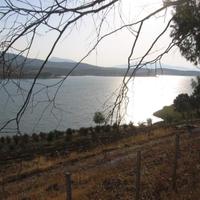 5 ettari in riva al lago + rudere antico baglio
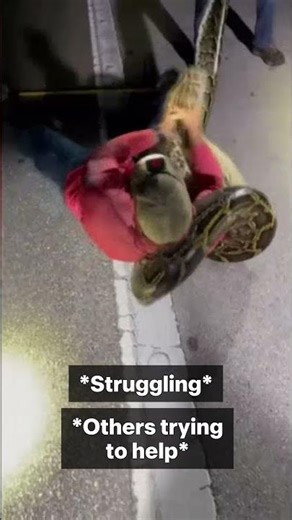 What it Took to Capture this 19-Foot Python🤯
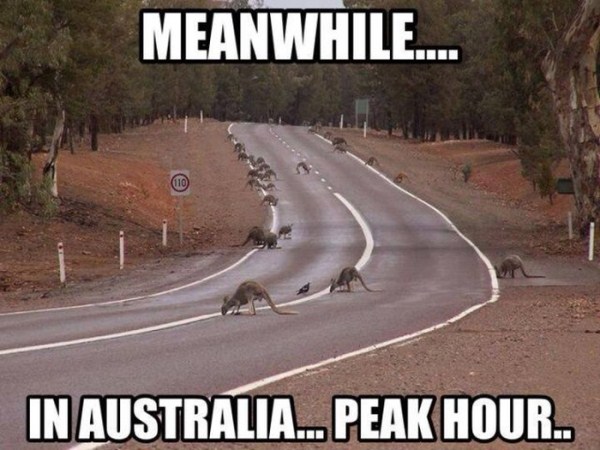 Meanwhile In Australia (31 photos)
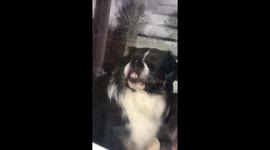 Aussie “helping” clean door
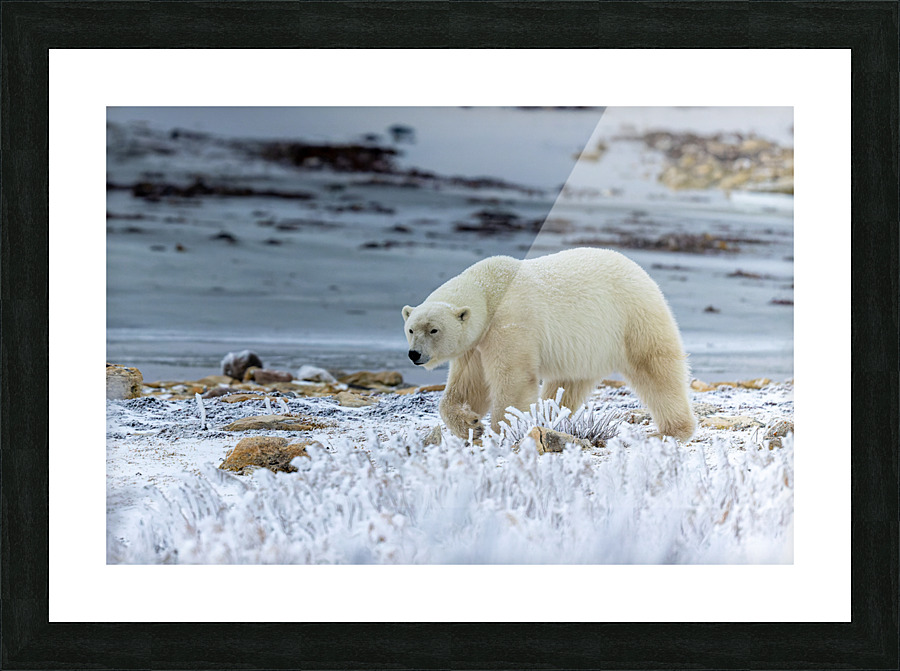 Through the frost Picture Frame print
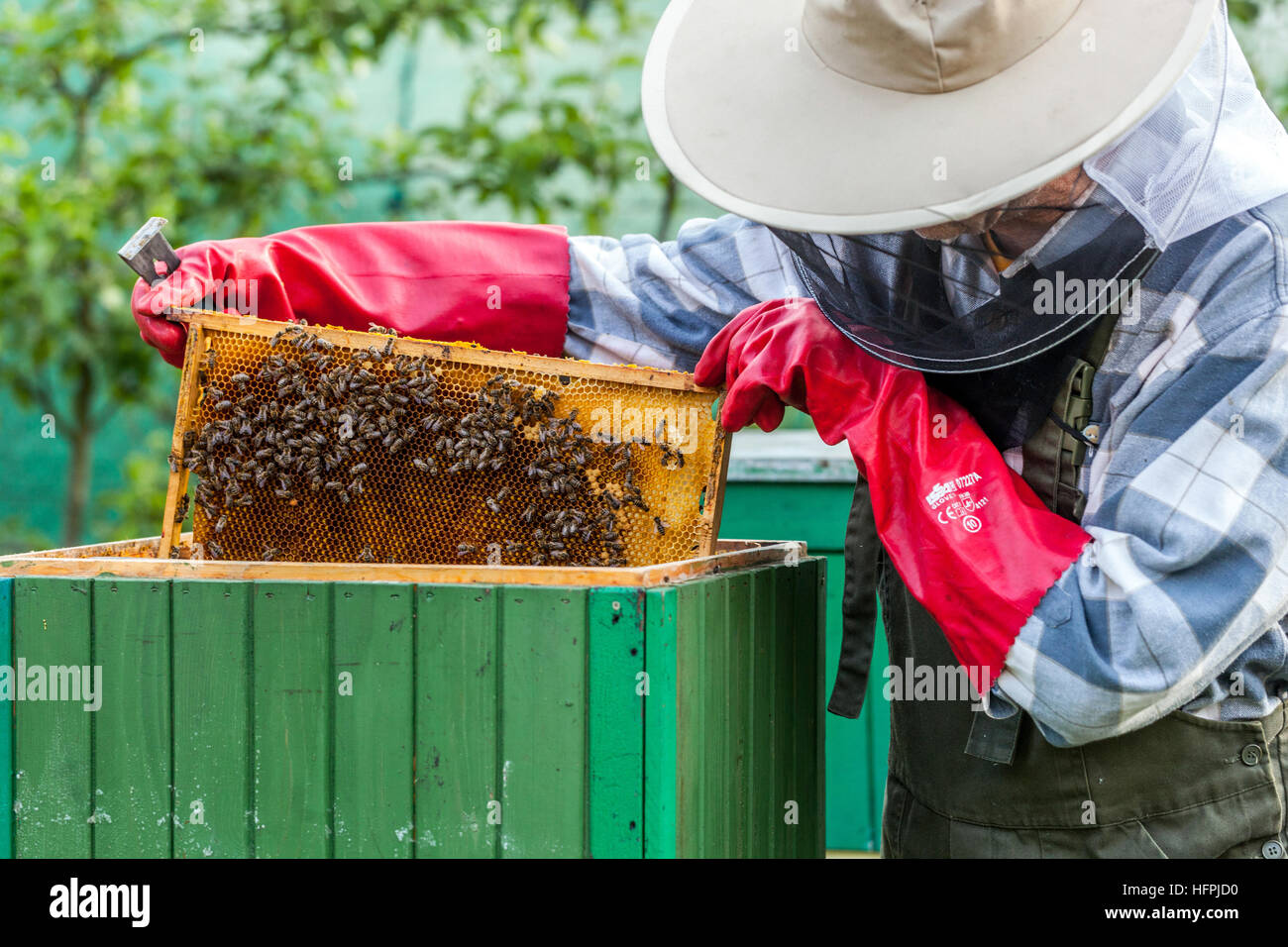 Imker bei der Arbeit Anzug mit Wabe, voller Honig, Imker Inspektionsrahmen Stockfoto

[TASK PROMPT]:
An exact restatement of the lines from the one holding "What it Took to Capture this 19-Foot Python🤯" through the end of the entries, both ends included, is the whole answer. Pictures stay out.

[TASK OUTPUT]:
 What it Took to Capture this 19-Foot Python🤯
 Meanwhile In Australia (31 photos)
 Aussie “helping” clean door
 Through the frost Picture Frame print
 Imker bei der Arbeit Anzug mit Wabe, voller Honig, Imker Inspektionsrahmen Stockfoto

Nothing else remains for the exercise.